Five more minutes. Then he’d wake them.
Three scanned their surroundings from his constrained viewpoint. Less visibility than he would’ve liked. And it was rarely a good idea to back into anything that only had one way out. But he knew Cass and Wren would feel safer here, surrounded by walls, hidden from view.
He chuckled humorlessly at that, touched the shallow, weeping cut across his throat. Seemed like he’d been making a lot of compromises lately.
He glanced over at the slumbering pair, and found Wren sitting upright, staring at him with glassy eyes, blond hair standing straight out from the side of his head where he’d been lying in his mother’s lap. Three nodded. Wren wiped an eye with the back of his hand and tossed a casual wave in response. For a moment, they just sat there, looking at each other, Wren’s sea-green eyes fixed unblinking on Three.
Three flashed back to when he’d first seen those eyes, back at the Enclave, back in that dive bar. Days ago? Another lifetime. Something in those eyes had captured his notice and escaped his definition then. Even now, sober and alert, Three found he couldn’t quite identify what he saw there. Something hovered at the outer edge of his consciousness, just beyond his grasp, a vanishing dream he fought to recall. Something…

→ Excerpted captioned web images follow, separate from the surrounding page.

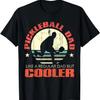 Funny Pickleball Player Retirement Gifts For Dad Grandpa Men T-Shirt
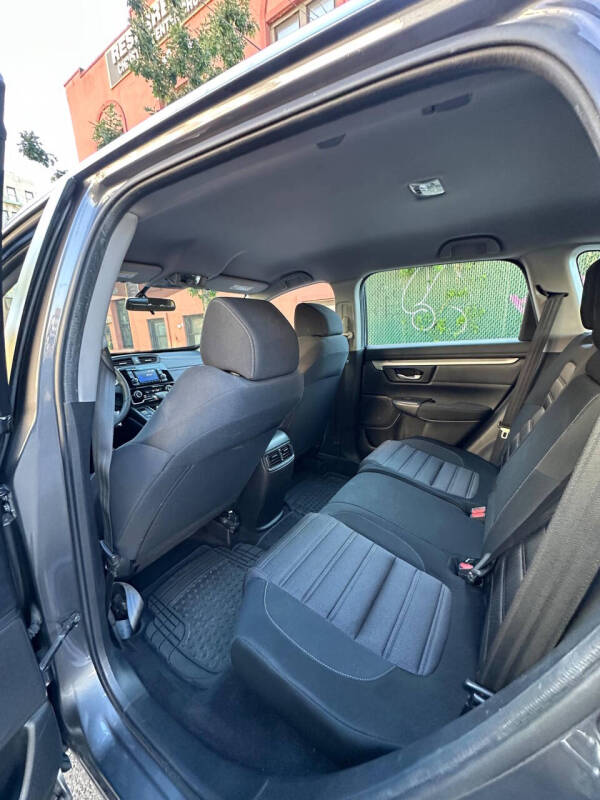 2018 Honda CR-V LX
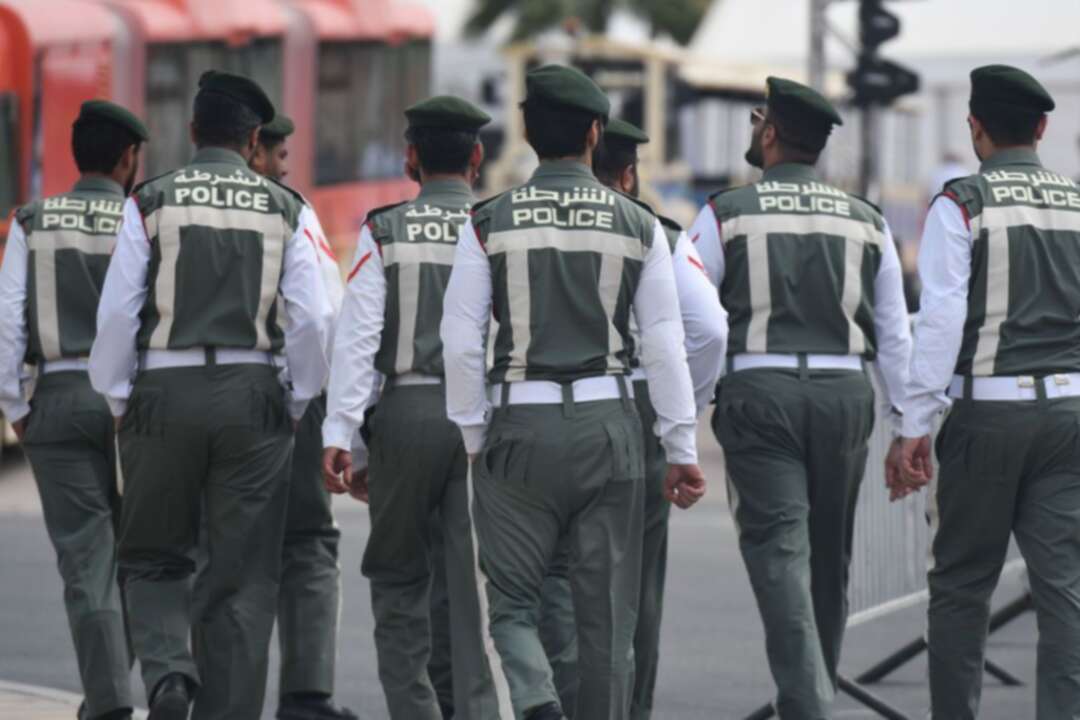 شرطة دبي تلقي القبض على أكبر زعيم مافيا لتهريب المخدرات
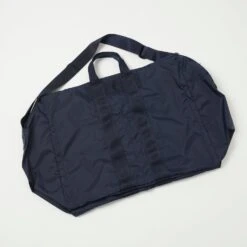 Porter-Yoshida & Co. Large Flex 2-Way Duffle Bag - Navy -Hartford Sale Store PORTERYOSHIDA 856 07419 3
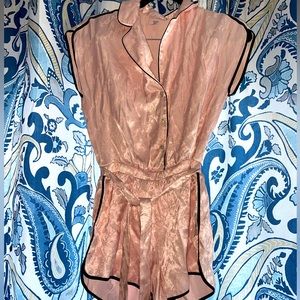 Victoria’s Secret pajamas onesie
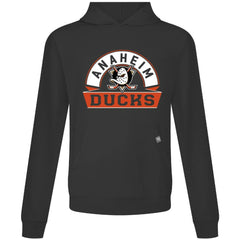 Anaheim Ducks - Levelwear Relay Banner Arch Pullover Hoodie Black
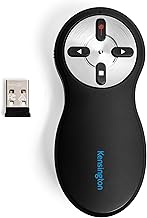 Kensington K33272WW Wireless Presenter with Red Laser (D tier)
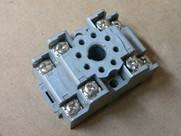 Idec Sr2p-05 10A 300V 8-Pin Relay Base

Cass spasmed abruptly, eyes wide, hands shooting up from her lap; the sudden movement made Wren jump.
“They know,” she rasped. “They know I’m alive.”
Three was already in motion.
She shook her head.
“Can’t be. But he knows.”
Three’s mind scrambled through the scenarios. They’d been headed in a different direction before the blast. Not directly opposite, but far enough off-track to make other routes equally plausible. They’d avoided the obvious double-back. And there was an outside chance that the Vault was off-grid enough to escape Asher’s notice… No. No reason for optimism now. Three never counted on the outside chance, unless it was bad.
“If he can’t track your signal, he’ll have to split his crew, three, maybe four ways to cover the bases. Worst case, I figure we get to the Vault a good hour before they do, and by then, well…”
He trailed off; probably best if she didn’t know just how close they were cutting it.
“We’ll stay ahead of ’em,” he added. “We’ll be alright.”
Without hesitation Three stood and stretched a hand out to Cass, helping her to her feet; action conveying his certainty better than words. He dropped low, and glided out, quickly surveying the area before committing to an exit. Cass gathered their things, prepped Wren.
And once again, they were on the move.